Two First Nations men have made legal arguments the Government has a legal obligation to protect them from climate change harms.

Two First Nations Traditional Owners are making their final arguments in a climate lawsuit against the Federal Government this week.

Torres Strait Islands’ men Uncle Paul Kabai and Uncle Pabai Pabai argue the Government has a legal obligation to protect Torres Strait Islanders from climate harm.

They’ve argued the Government has failed in this duty.

The case

Uncle Paul Kabai and Uncle Pabai Pabai are native title holders of the Boigu and Saibai Islands — two low-lying islands along the Torres Strait off the northern tip of Queensland.

The men launched legal action against the government in 2021 in the Federal Court.

They claim adverse impacts of greenhouse gas emissions are threatening local communities, noting a recent spike in flooding events.

Greenhouse gases

The men have argued the Government has not taken adequate action to tackle climate change. They said this has directly failed Torres Strait Islanders and puts the region at risk of becoming “uninhabitable”.

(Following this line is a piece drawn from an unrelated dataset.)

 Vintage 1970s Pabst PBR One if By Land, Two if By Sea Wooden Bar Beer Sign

Greenhouse gases released by industrial activities like burning fossil fuels become trapped in the atmosphere, causing hotter temperatures on Earth.

The two men are arguing the Government must further reduce greenhouse gas emissions.

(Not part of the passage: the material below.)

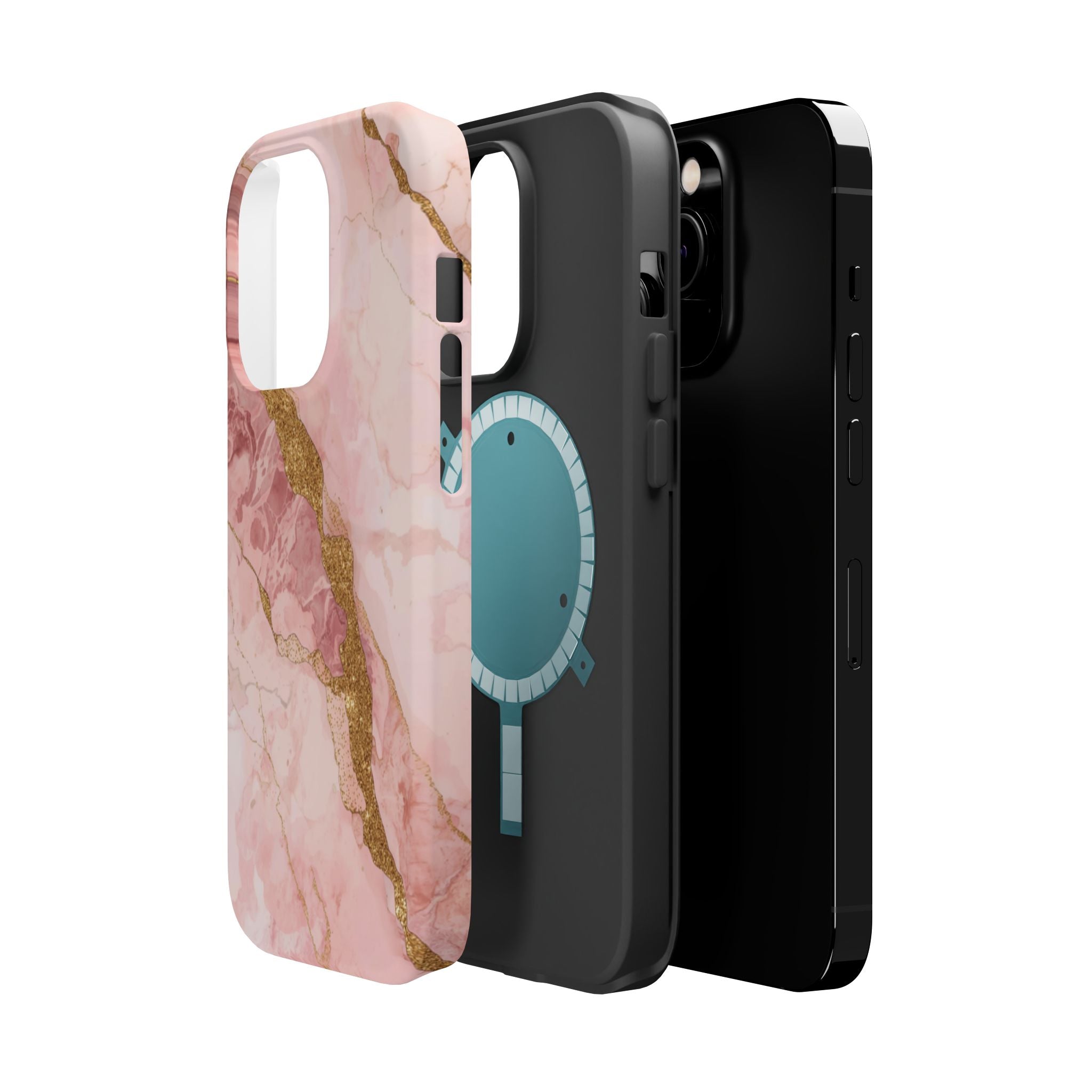Pink Marble Magnetic Impact-Resistant Phone Case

“If the Government keeps failing us, we will be forced to leave our homelands, to lose our identity, our culture — everything”.

Uncle Pabai Pabai, Torres Strait Islander and Traditional Owner

Government response

The Government has acknowledged Torres Strait Islander peoples face “some impacts of climate change”, such as rising sea levels.

However, it has defended its climate policies and argued that it can’t practically enforce a duty of care.

It also pointed to a ruling that was overturned in the Federal Court in 2022 about the government’s duty of care to young Australians when considering fossil fuel projects.

Elsewhere

Lawyers for the men pointed to a recent international case, which saw a senior women’s group successfully challenge the Swiss Government in the European Human Rights Court.

The women argued Switzerland’s inaction to address climate change negatively impacted their health and lifestyles.

The court determined Switzerland violated the European Convention on Human Rights, and ordered the government to pay more than $AU131,000 in compensation to the women’s group.

Next steps

Three years after the men launched legal action against the Federal Government, closing arguments are expected to end tomorrow.

The federal court is due to hand down its decision later this year.

If they win, the men’s lawyers said it would set a legal precedent meaning “activities that threaten the pathway to an emissions reduction goal – like new coal, oil, or gas projects – could be challenged in a court.”